**Instructions to follow**
Please output the listing below character for character and omit the images.

═══ Supplied data

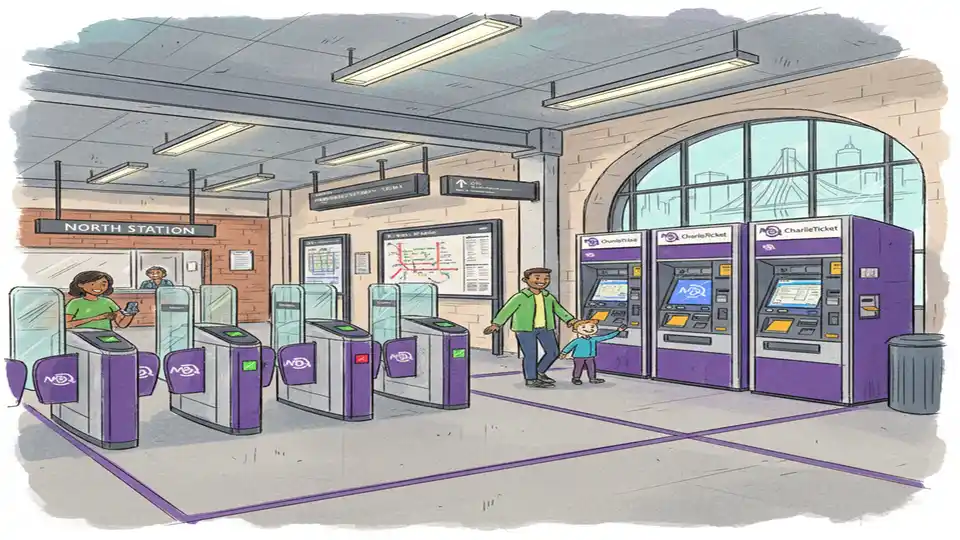 MBTA fare gates and ticket vending machines at commuter rail station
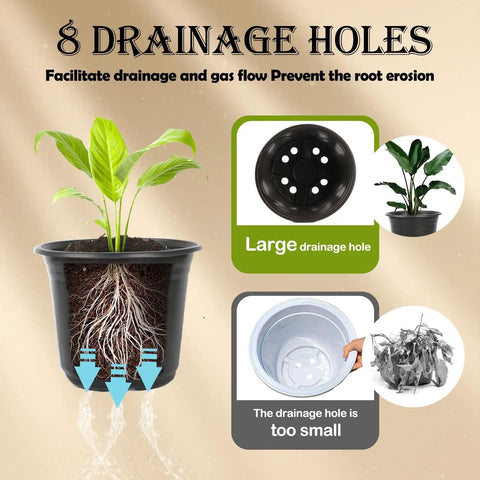100 Packs Of 4 Inch Plastic Nursery Pots With Drainage Holes For Seed Starting And Transplanting Plants Durable Lightweight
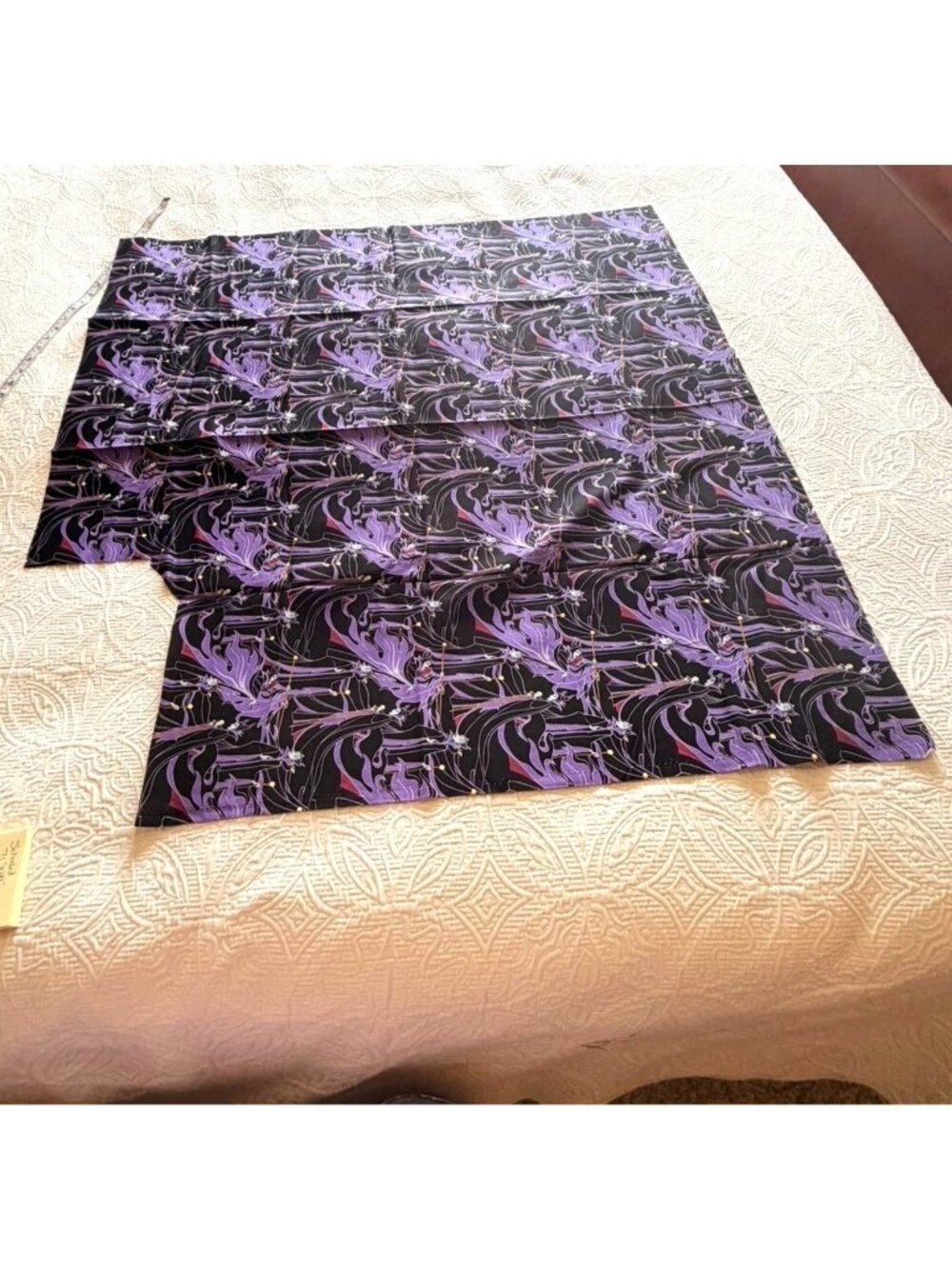 Disney Maleficent Cotton Fabric Craft Black Purple Flame 38.5x36 Cutout Villain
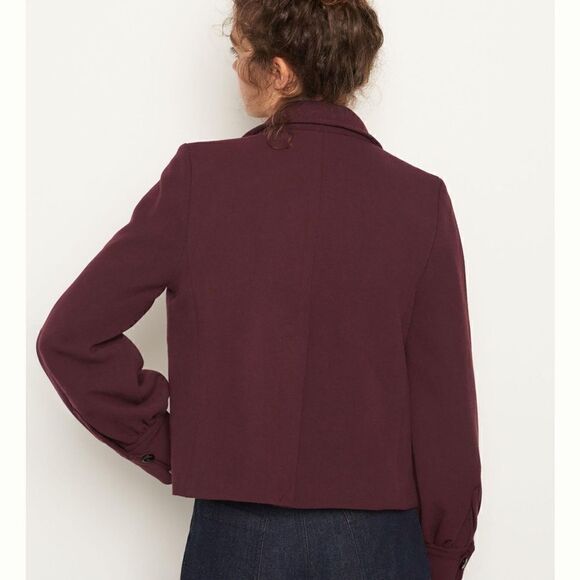 ANTHROPOLOGIE Jessica Blazer Burgundy / Wine Size Small - Picture 3 of 10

══════

**Your solution**
 MBTA fare gates and ticket vending machines at commuter rail station
100 Packs Of 4 Inch Plastic Nursery Pots With Drainage Holes For Seed Starting And Transplanting Plants Durable Lightweight
 Disney Maleficent Cotton Fabric Craft Black Purple Flame 38.5x36 Cutout Villain
 ANTHROPOLOGIE Jessica Blazer Burgundy / Wine Size Small - Picture 3 of 10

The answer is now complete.